_COLLECTED DATA:_
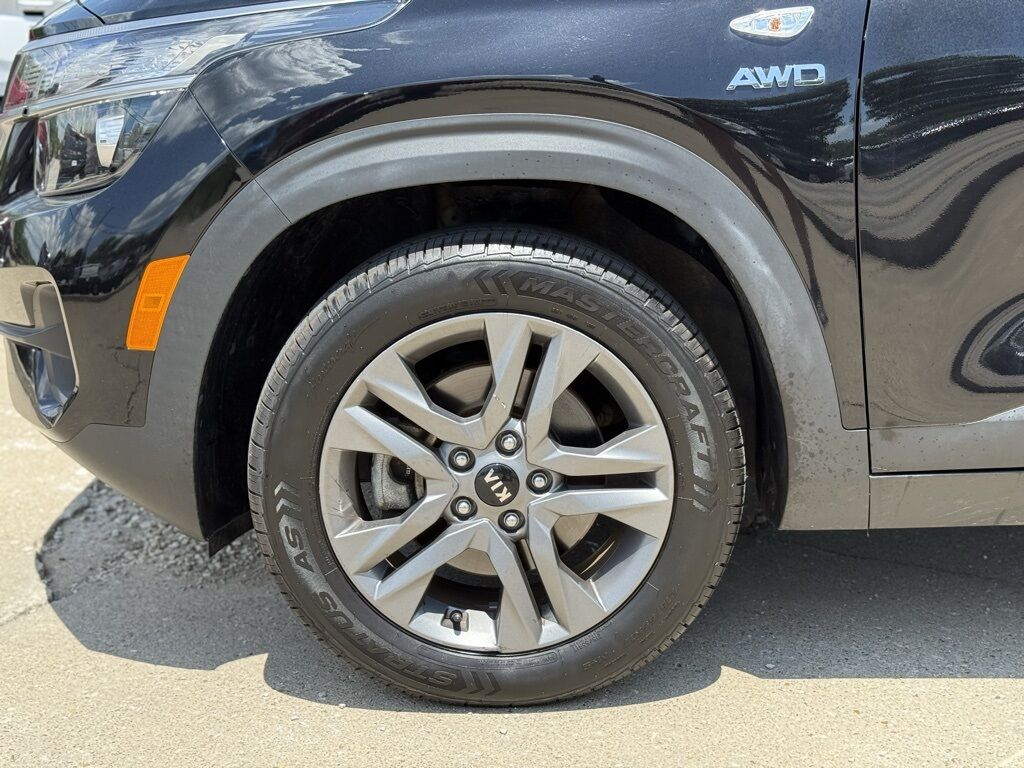 2021 Kia Seltos LX Crestwood KY
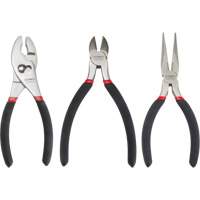 Basic Plier Set, 3 Pieces Auto Electric Service Ltd.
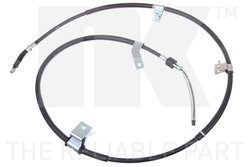 CABLU FRANA DE MANA NK 903018 - Compatibil cu MITSUBISHI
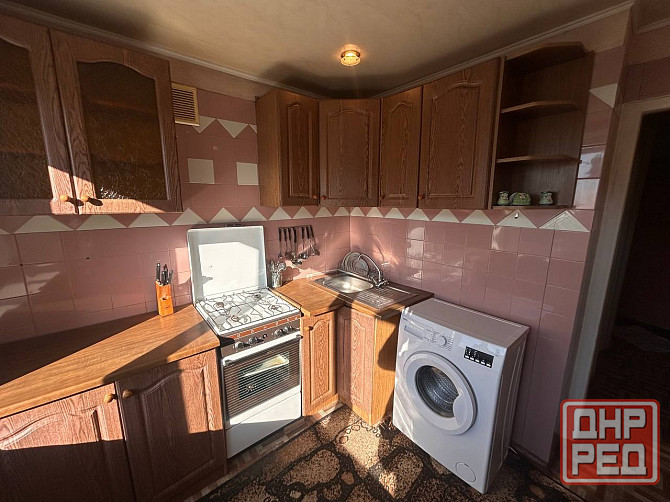 Аренда 1 Комнатной Квартиры - Киевский р-н/Ветка - Вода Идёт - Бойлер/Чисто Комфортно! Донецк - изображение 1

_WHAT YOU NEED TO DO:_ Pictures do not belong in the copy. Repeat exactly each line from the one with "Basic Plier Set, 3" through the end of the listing.

_TASK RESULT:_
 Basic Plier Set, 3 Pieces Auto Electric Service Ltd.
 CABLU FRANA DE MANA NK 903018 - Compatibil cu MITSUBISHI
 Аренда 1 Комнатной Квартиры - Киевский р-н/Ветка - Вода Идёт - Бойлер/Чисто Комфортно! Донецк - изображение 1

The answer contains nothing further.